During yesterday’s session, Kagwe presented a detailed analytical report presenting the situation in the country since the first coronavirus case was reported in the country three months ago.

Out of 1, 933 samples in the last 24 hours, 51 tested positive; bringing the number of confirmed cases to 963, he said. 

There was also a glimmer of hope after 22 more people were discharged from hospital bringing the total number of recoveries to 358, the number of deaths remains at 50.

Although Nairobi leads in the number of infections at 470, Mombasa has reported more deaths 27. 

According to the report presented by Kagwe, Nairobi and Mombasa contribute 83 per cent of the cases in the country with 23 out of the 47 counties having confirmed cases—Meru and Garissa counties being the latest to report. 

Majority of the confirmed cases are males (62 per cent) while females are 38 per cent with the disease which causes respiratory complications cutting across all age groups.

Mvita and Kamunkunji leads in the number of infections in Mombasa and Nairobi respectively. 

With 331 confirmed cases—the second highest in the country—Mombasa has contributed more than half of death toll, a challenge that experts were yesterday trying to crack. There were a total of 555 active cases in the country as of yesterday.

Kagwe took time to highlight importance of social distancing citing a case where one person in Kilifi has led to several infections in neighboring counties such as Mombasa. 

However, CS Mohamed attributed the high number of cases in areas inhabited by Muslim faithful to religious events such Ramadhan whereby communities come together to pray and break the fasting. 
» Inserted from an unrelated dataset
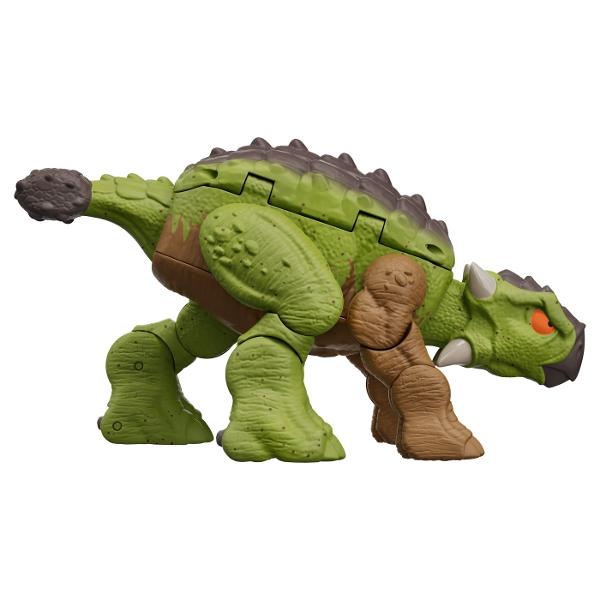 Aceste figurine Jurassic World Double Danger le ofera iubitorilor de dinozauri de doua ori mai mult entuziasm Erbivorele se transforma in carnivore iar inapoi in 11 pasi simpli Sunt disponibile 4 figuri diferite Tyrannosaurus Rex se transforma cu Ankylosaurus in 2 decoruri de design diferite Carnotaurus se transforma cu Stegosaurus si Baryonyx cu Parasaurolophus Caracteristicile specifice speciei sunt proiectate in o jucarie transformatoare grozava pentru copiii de la 6 ani in sus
“As a Muslim, I know there is a lot of coming together during this period of Ramadan and we forget measures such as social distancing… I want to appeal to our brothers to adhere to these measures and keep the disease away,” said Mohamed.

Although the two CSs downplayed the diplomatic tiff between Kenya and Tanzania after President Kenyatta ordered closure of its borders, they said the action was done in good faith and in concurrence with EAC protocols to combat Covid-19.

Kagwe said figures indicated a big portion of new cases was imported from neighbouring countries with truck drivers being the main culprits. The number of testing facilities have risen from two when the first case was reported to 20 - 17 of them being private entities.

Mobile testing labs have been dispatched to Namanga—the busiest border between Kenya and Tanzania—and Naivasha where truck drivers will be tested in the coming days. 

The government has also established short-term, mid-term and long-term goals that will lead to reopening of the economy and returning the country to normalcy.